- Exercise description -
Your response must be the entire set of entries, reproduced word for word.

---+---

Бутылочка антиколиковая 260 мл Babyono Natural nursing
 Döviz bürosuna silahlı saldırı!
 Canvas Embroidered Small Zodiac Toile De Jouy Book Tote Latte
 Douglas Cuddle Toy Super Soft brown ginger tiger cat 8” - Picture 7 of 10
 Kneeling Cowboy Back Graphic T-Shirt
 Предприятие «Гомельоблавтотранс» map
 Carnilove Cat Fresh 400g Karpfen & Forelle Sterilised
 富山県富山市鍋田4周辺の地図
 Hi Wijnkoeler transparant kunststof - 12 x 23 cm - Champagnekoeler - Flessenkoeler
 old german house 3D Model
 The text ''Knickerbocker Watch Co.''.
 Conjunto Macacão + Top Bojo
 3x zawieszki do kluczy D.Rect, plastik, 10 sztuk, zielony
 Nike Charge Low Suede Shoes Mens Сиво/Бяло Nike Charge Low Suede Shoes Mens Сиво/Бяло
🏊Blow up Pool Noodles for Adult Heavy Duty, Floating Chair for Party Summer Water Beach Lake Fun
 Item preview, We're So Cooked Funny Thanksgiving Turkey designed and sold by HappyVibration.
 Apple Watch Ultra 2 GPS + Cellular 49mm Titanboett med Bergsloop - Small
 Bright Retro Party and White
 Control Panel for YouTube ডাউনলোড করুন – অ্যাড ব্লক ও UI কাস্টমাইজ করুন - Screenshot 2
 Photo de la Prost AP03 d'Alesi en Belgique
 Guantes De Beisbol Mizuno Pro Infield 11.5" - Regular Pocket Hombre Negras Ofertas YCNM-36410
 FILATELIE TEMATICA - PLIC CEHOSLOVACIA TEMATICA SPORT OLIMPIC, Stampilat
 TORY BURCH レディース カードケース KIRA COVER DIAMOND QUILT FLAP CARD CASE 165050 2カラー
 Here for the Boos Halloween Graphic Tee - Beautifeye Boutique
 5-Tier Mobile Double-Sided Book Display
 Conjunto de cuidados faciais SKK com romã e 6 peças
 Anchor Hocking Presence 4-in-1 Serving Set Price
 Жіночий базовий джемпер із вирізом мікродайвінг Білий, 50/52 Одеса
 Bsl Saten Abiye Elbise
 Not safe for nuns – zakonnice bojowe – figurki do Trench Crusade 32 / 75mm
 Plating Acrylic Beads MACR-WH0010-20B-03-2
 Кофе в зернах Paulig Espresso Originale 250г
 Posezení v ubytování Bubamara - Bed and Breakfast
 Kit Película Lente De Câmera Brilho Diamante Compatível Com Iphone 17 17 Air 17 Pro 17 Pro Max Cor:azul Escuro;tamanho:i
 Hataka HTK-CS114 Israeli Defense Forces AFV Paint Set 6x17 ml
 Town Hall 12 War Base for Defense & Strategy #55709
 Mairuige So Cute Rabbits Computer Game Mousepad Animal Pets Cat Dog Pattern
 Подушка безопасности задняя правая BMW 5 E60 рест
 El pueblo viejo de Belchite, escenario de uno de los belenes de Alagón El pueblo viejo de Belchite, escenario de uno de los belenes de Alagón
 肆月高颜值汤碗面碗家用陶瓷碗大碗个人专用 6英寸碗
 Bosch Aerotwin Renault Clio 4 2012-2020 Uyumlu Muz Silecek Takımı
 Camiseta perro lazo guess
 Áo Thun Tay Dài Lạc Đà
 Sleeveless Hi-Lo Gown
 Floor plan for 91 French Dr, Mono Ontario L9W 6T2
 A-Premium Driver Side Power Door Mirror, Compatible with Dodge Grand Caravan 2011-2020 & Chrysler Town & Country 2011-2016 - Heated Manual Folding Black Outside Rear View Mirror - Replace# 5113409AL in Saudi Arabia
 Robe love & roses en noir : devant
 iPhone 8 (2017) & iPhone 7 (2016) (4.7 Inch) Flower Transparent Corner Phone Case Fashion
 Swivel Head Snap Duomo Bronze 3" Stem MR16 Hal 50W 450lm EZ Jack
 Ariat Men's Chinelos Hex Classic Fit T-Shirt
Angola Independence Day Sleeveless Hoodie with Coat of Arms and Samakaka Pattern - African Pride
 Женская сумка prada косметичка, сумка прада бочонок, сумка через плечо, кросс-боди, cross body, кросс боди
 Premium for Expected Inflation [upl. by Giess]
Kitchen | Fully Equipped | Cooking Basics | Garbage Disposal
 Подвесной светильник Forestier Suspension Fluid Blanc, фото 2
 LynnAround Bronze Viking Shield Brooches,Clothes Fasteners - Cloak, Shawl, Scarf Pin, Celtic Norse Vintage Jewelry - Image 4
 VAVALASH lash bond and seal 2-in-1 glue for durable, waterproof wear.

---+---

- Answer to the exercise -
Бутылочка антиколиковая 260 мл Babyono Natural nursing
 Döviz bürosuna silahlı saldırı!
 Canvas Embroidered Small Zodiac Toile De Jouy Book Tote Latte
 Douglas Cuddle Toy Super Soft brown ginger tiger cat 8” - Picture 7 of 10
 Kneeling Cowboy Back Graphic T-Shirt
 Предприятие «Гомельоблавтотранс» map
 Carnilove Cat Fresh 400g Karpfen & Forelle Sterilised
 富山県富山市鍋田4周辺の地図
 Hi Wijnkoeler transparant kunststof - 12 x 23 cm - Champagnekoeler - Flessenkoeler
 old german house 3D Model
 The text ''Knickerbocker Watch Co.''.
 Conjunto Macacão + Top Bojo
 3x zawieszki do kluczy D.Rect, plastik, 10 sztuk, zielony
 Nike Charge Low Suede Shoes Mens Сиво/Бяло Nike Charge Low Suede Shoes Mens Сиво/Бяло
🏊Blow up Pool Noodles for Adult Heavy Duty, Floating Chair for Party Summer Water Beach Lake Fun
 Item preview, We're So Cooked Funny Thanksgiving Turkey designed and sold by HappyVibration.
 Apple Watch Ultra 2 GPS + Cellular 49mm Titanboett med Bergsloop - Small
 Bright Retro Party and White
 Control Panel for YouTube ডাউনলোড করুন – অ্যাড ব্লক ও UI কাস্টমাইজ করুন - Screenshot 2
 Photo de la Prost AP03 d'Alesi en Belgique
 Guantes De Beisbol Mizuno Pro Infield 11.5" - Regular Pocket Hombre Negras Ofertas YCNM-36410
 FILATELIE TEMATICA - PLIC CEHOSLOVACIA TEMATICA SPORT OLIMPIC, Stampilat
 TORY BURCH レディース カードケース KIRA COVER DIAMOND QUILT FLAP CARD CASE 165050 2カラー
 Here for the Boos Halloween Graphic Tee - Beautifeye Boutique
 5-Tier Mobile Double-Sided Book Display
 Conjunto de cuidados faciais SKK com romã e 6 peças
 Anchor Hocking Presence 4-in-1 Serving Set Price
 Жіночий базовий джемпер із вирізом мікродайвінг Білий, 50/52 Одеса
 Bsl Saten Abiye Elbise
 Not safe for nuns – zakonnice bojowe – figurki do Trench Crusade 32 / 75mm
 Plating Acrylic Beads MACR-WH0010-20B-03-2
 Кофе в зернах Paulig Espresso Originale 250г
 Posezení v ubytování Bubamara - Bed and Breakfast
 Kit Película Lente De Câmera Brilho Diamante Compatível Com Iphone 17 17 Air 17 Pro 17 Pro Max Cor:azul Escuro;tamanho:i
 Hataka HTK-CS114 Israeli Defense Forces AFV Paint Set 6x17 ml
 Town Hall 12 War Base for Defense & Strategy #55709
 Mairuige So Cute Rabbits Computer Game Mousepad Animal Pets Cat Dog Pattern
 Подушка безопасности задняя правая BMW 5 E60 рест
 El pueblo viejo de Belchite, escenario de uno de los belenes de Alagón El pueblo viejo de Belchite, escenario de uno de los belenes de Alagón
 肆月高颜值汤碗面碗家用陶瓷碗大碗个人专用 6英寸碗
 Bosch Aerotwin Renault Clio 4 2012-2020 Uyumlu Muz Silecek Takımı
 Camiseta perro lazo guess
 Áo Thun Tay Dài Lạc Đà
 Sleeveless Hi-Lo Gown
 Floor plan for 91 French Dr, Mono Ontario L9W 6T2
 A-Premium Driver Side Power Door Mirror, Compatible with Dodge Grand Caravan 2011-2020 & Chrysler Town & Country 2011-2016 - Heated Manual Folding Black Outside Rear View Mirror - Replace# 5113409AL in Saudi Arabia
 Robe love & roses en noir : devant
 iPhone 8 (2017) & iPhone 7 (2016) (4.7 Inch) Flower Transparent Corner Phone Case Fashion
 Swivel Head Snap Duomo Bronze 3" Stem MR16 Hal 50W 450lm EZ Jack
 Ariat Men's Chinelos Hex Classic Fit T-Shirt
Angola Independence Day Sleeveless Hoodie with Coat of Arms and Samakaka Pattern - African Pride
 Женская сумка prada косметичка, сумка прада бочонок, сумка через плечо, кросс-боди, cross body, кросс боди
 Premium for Expected Inflation [upl. by Giess]
Kitchen | Fully Equipped | Cooking Basics | Garbage Disposal
 Подвесной светильник Forestier Suspension Fluid Blanc, фото 2
 LynnAround Bronze Viking Shield Brooches,Clothes Fasteners - Cloak, Shawl, Scarf Pin, Celtic Norse Vintage Jewelry - Image 4
 VAVALASH lash bond and seal 2-in-1 glue for durable, waterproof wear.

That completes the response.